Search code examples
sqlwindow-functionsimpala

ROW_NUMBER( ) OVER in impala


I have a use case where I need to use ROW_NUMBER() over PARTITION: Something like:

SELECT
  Column1 , Column 2
  ROW_NUMBER() OVER (
    PARTITION BY ACCOUNT_NUM
    ORDER BY FREQ, MAN, MODEL) as LEVEL
FROM
  TEST_TABLE

I need a workaround for this in Impala. Unfortunately Impala does not support sub queries and also does not support ROW_NUMBER() OVER functionality. Thank you for your help.


Solution

  • Impala is rather limited for this type of query.
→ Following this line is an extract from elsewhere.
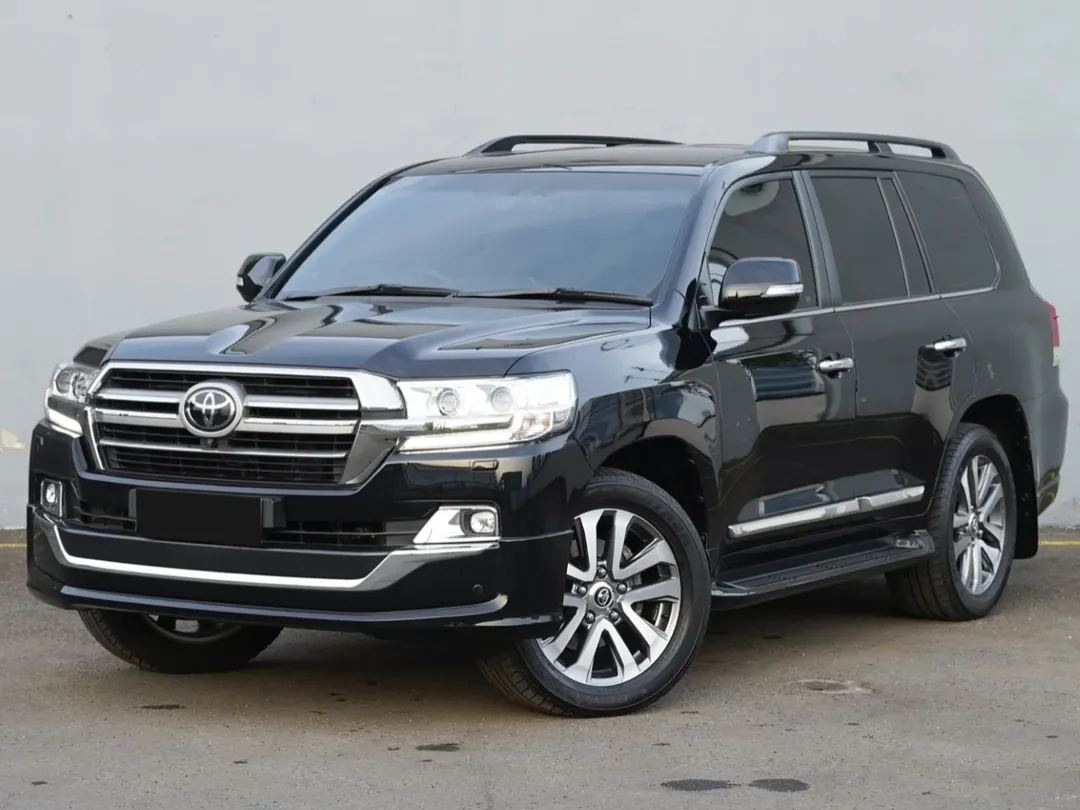 Jual Mobil : Landcruiser VX-200RYear 2019ODO 35.XXX Kilometer Automatic Transmission 4x4 Active Glass Sunroof Electric SeatRear Seat Entertainment Audio by JBL Synthesis Hydraulic Suspension Active TAX 07.2027Full Paper PRICE : 1.875.000.000 NEGOTIABLEWHATSAPP : 08589446478#garasiklasik #jualvxr200 #juallandcruiservxr200 #juallandcruiser #jualmobil4x4 by @garasi.klasik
With some assumptions, this query is possible:

    • The four columns in the partitioning clause are never NULL
    • The four columns in the partitioning clause uniquely identify a row

    The query is rather ugly and expensive:

    select tt.column1, tt.column2, count(*) as level
    from test_table tt join
         test_table tt2
         on tt.account_num = tt2.account_num and
            (tt2.freq < tt.freq or
             tt2.freq = tt.freq and tt2.man < t.man or
             tt2.freq = tt.freq and tt2.man = t.man and tt2.model <= t.model
            )
    group by tt.column1, tt.column2, tt.account_num, tt.freq, tt.man, tt.model;